Interpretation of the conflicting data surrounding choroidal biomarkers is confounded by limitations of individual studies, which are generally limited in sample size, the cross-sectional natures of their design, and analyses seeking to compare large numbers of variables without accounting for the problem of multiple comparisons without employing appropriate statistical methods (such as the Bonferroni correction). The inconsistent data might also reflect the complex relationship between vascular biology and AD. The interplay between choroidal vascular loss, choroidal thinning, and retinal thinning might provide insights into the mechanism and evolution of AD. For example, if retinal vascular changes reflect a diffuse loss of systemic circulation, then choroidal vascular attenuation would be expected to precede retinal vascular attenuation.
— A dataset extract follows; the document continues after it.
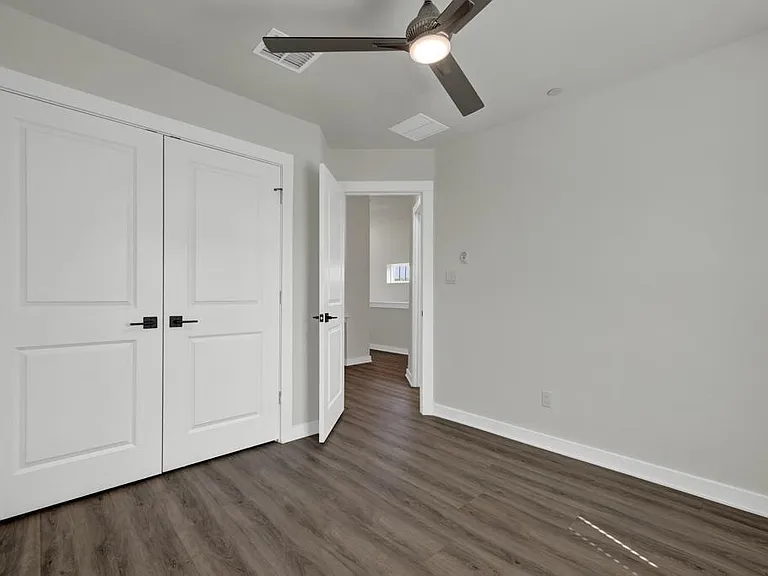 104 Creekside Trl #901 — Photo 24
Microvascular disease and subclinical ischemia might then transiently lead to compensatory increase in choroidal vascularity in preclinical disease or MCI, followed by later attenuation of neurosensory retina. On the other hand, if all the microvascular changes in AD are sequelae of neurodegenerative pathology, we might expect to see structural changes in the inner retina preceding changes in the retinal and choroidal vasculature. Temporal changes in choroidal biomarkers over the spectrum of AD warrant further study.

4. Retinal vasculature

Alzheimer’s disease is associated with deposition of amyloid and collagen within cerebral capillaries. Vascular density and architecture can be quantitatively analyzed from fundus photos using automated software with equivocal results45. Decreased arteriolar fractal dimension and venular fractal dimension have been shown to be associated with AD46 in some studies, while others have found no difference between AD and control47. A systematic review from 2013 noted decreased vascular density and presence of microvascular changes to be weakly associated with the presence of dementia, but its utility as a screening tool was difficult to conclude48.
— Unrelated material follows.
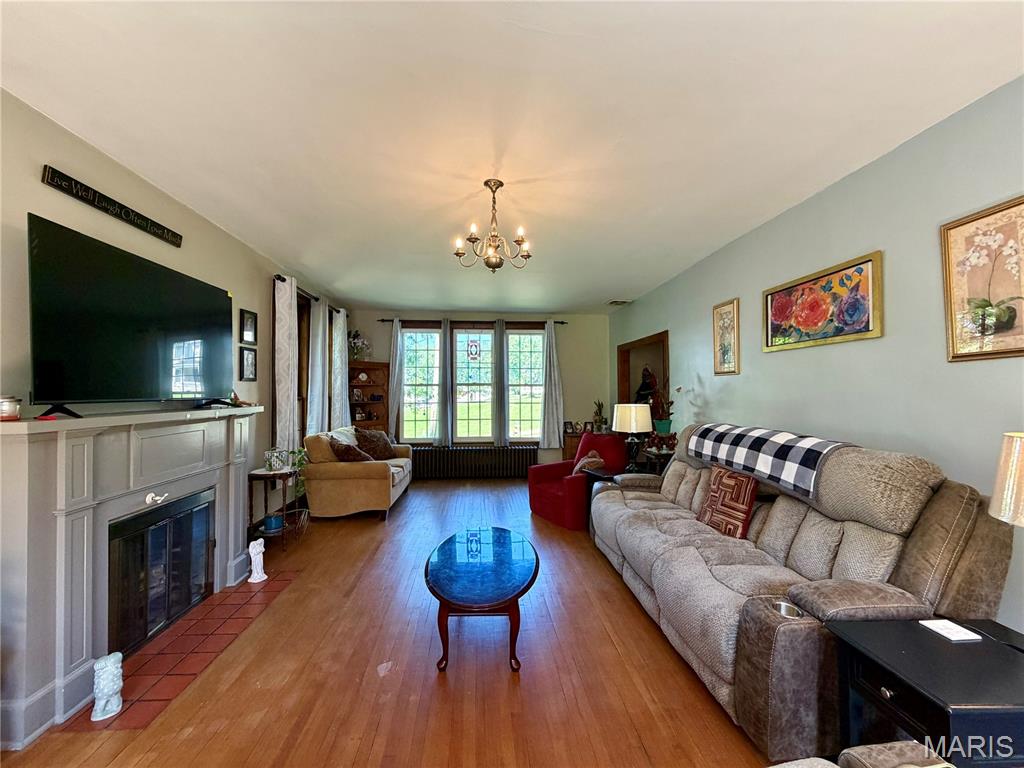110 Shepherd Place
As with choroidal vascularity, OCTA has been a natural imaging modality for studying retinal vasculature, and has more consistently shown changes associated with AD. In particular, decreased vessel density and increased foveal avascular zone (FAZ) has been demonstrated in AD49. A twin discordance study described monozygotic twins discordant for presentation of AD, and found significantly reduced vessel density and larger FAZ in the superficial capillary plexus in the twin with AD50. Decreased retinal vascular density (most notably in the fovea) and significantly enlarged FAZ correlated also with decreased cognitive function on MMSE44. Vascularity of different vascular layers in the retina has also been correlated with structural OCT biomarkers. Loss of vessel density in the deep venous plexus and superficial capillary plexus were associated with GC-IPL thinning in AD patients, but was not observed in control or MCI groups in separate studies5152.
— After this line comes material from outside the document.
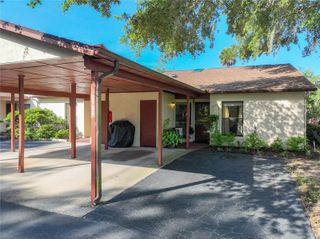 4300 BAYWOOD BOULEVARD C106, Mount Dora, FL 32757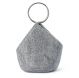 OLGA BERG ELLIE BAG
Preclinical changes in retinal vasculature have been studied in cognitively normal patients with positive in vivo biomarkers. FAZ area increased in patients with positive amyloid PET/CT or cerebrospinal fluid compared to age matched controls without AD biomarkers53. Another study found no difference in FAZ size in patients with positive amyloid PET/CT, but noted a higher vessel density in preclinical biomarker positive patients compared to controls – a finding that resonates with the choroidal vascularity index trends in MCI noted above54.

In addition to structural changes, functional differences in retinal vasculature of AD patients have also been studied. The dynamic response of vessel dilation to a flicker light stimulation, for example, characteristically results in a primary vasodilatory response followed by vasoconstriction. A study of dynamic vessel analysis found that arterial dilation was decreased in AD compared to age-matched controls, and the reaction amplitude was decreased in both AD and MCI patients (controlling for confounding retinal diseases that are known to be associated with reduced flicker-induced vasodilation), which suggests a decoupling of neurovascular response in patients with cognitive impairment55. Oxygen saturation in retinal arterioles and venules has also been studied using noninvasive spectrophotometric oximetry. Two studies have shown increased oxygen saturation in AD and MCI patients compared to age matched controls, suggesting possible decrease in metabolic activity in the retina5657.

5. Amyloid and tau imaging

While amyloid plaques and neurofibrillary tangles are well-established findings in the central nervous system, data for corresponding retinal protein deposition in Alzheimer’s disease have been less consistent. Several post mortem studies that looked at immunostaining of amyloid-β and phosphorylated-tau ocular tissue from autopsy-positive AD patients found no abnormal amyloid or tau deposits in any ocular structures to correlate with CNS histopathology58,59,60. Other studies have identified amyloid plaques in retinal tissue of post mortem eyes of both AD and suspected AD patients61. Yet others have reported equivocal findings in retinas of patients with autopsy-confirmed clinicopathologic diagnoses of AD62. A meta-analysis evaluating the evidence of retinal amyloid plaques for diagnosis in AD found existing studies to be too varied in study design and tissue preparation and staining techniques to draw definite conclusions63.

In spite of the as-yet unclear value of retinal amyloid or tau deposition in the diagnosis of AD, several novel methods to noninvasively detect amyloid on retinal imaging have been described. Koronyo et al described using curcumin as a contrast agent that binds amyloid-β with high affinity, in combination with modified SLO, to directly image retinal amyloid-β protein. The authors developed a quantitative measure of increased curcumin fluorescence – the “retinal amyloid index” – as a potential biomarker to delineate AD compared to control. In their proof of principle study with 10 mild-moderate AD patients and 6 healthy controls, and found a 2 fold curcumin fluorescence increase in the AD population64. Of interest, curcurmin-labeled plaques were identified in the retina earlier than it was detected in the brains of a murine model of AD, which suggests its potential utility as a retinal biomarker in early stages of disease61. Hyperspectral imaging is another potential modality that has been studied for identification of early pathological changes in the retina based on the differential scattering of light from abnormal amyloid aggregates65.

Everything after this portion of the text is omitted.